課長、助手は、独立した教育研修部門ではなく、通常の自分の業務をこなしながらの教育であり、実務と一体となった教育研修であった。

 入社早々、名古屋地区本部の集合教育で、最初の1週間、自賠法、関連の規定、実務の内容を徹底的に教えこまれ、後は調査事務所で実務訓練を重ねた。半年後には先輩たちと肩を並べて仕事ができるようになった。
 最初、集合教育研修に集まった面々は、損害保険会社の部長経験者が多く混じっており、自賠責の何たるかも知らない、ましてや業界用語は初めて聞くことばかり、眼を白黒させながらの研修であったが、逆に全く知らないということは、素直に指導者の教えを素直に受け止め理解し、人一倍努力するので、学習をしているうちにメキメキと成長していったようだ。
 幸い通勤の片道1時間余の行き帰りは、教わったことを復習し、間違いを指摘されたことは二度と間違えないようにしたが、若い時と違い歳のせいか恥ずかしい思いをすることが多かった。

 調査事務所の教育担当課長、助手を担当した所員は、多くが所長になっており、実務はもとより人格識見に優れた方が抜擢されたようだ。私を育てて下さった当時の課長、助手は実に立派な方で今日に至るも親交を深めを尊敬している。調査事務所で約10年勤務させていただいたが、いつも先輩を目標に自分もこうなりたいものだと努めてきた。

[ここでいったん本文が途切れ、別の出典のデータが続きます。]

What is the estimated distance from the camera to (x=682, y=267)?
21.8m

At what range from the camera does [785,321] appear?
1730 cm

 毎年12月上旬、静岡自賠調0B会が開かれる。現職の所長を招いて、かって調査事務所に勤務した面々が年に1度再会し、近況や当時の思い出を語り、最近の調査事務所の現状を話してもらったりして、楽しい酒杯を重ねている。最初に参加した当時は一番若手であったのに、先輩たちが一人二人と旅たれ少しづつ年長組に入りつつあるようだ。

 人生は連続である。新しい分野に挑戦したが、調査事務所の勤務において、自衛隊で35年間培った体力気力、知識経験が生かされる時がやってきた。調査事務所に勤務する者にとって、だれであれ業種を問わず前職の管理職として積みあげたものが、自賠責の調査・査定という実務において生きてきたのである。まさに人生にとって無駄な経験はなく、肥やしとなるものだ。生かすも生かさないも自分自身にある。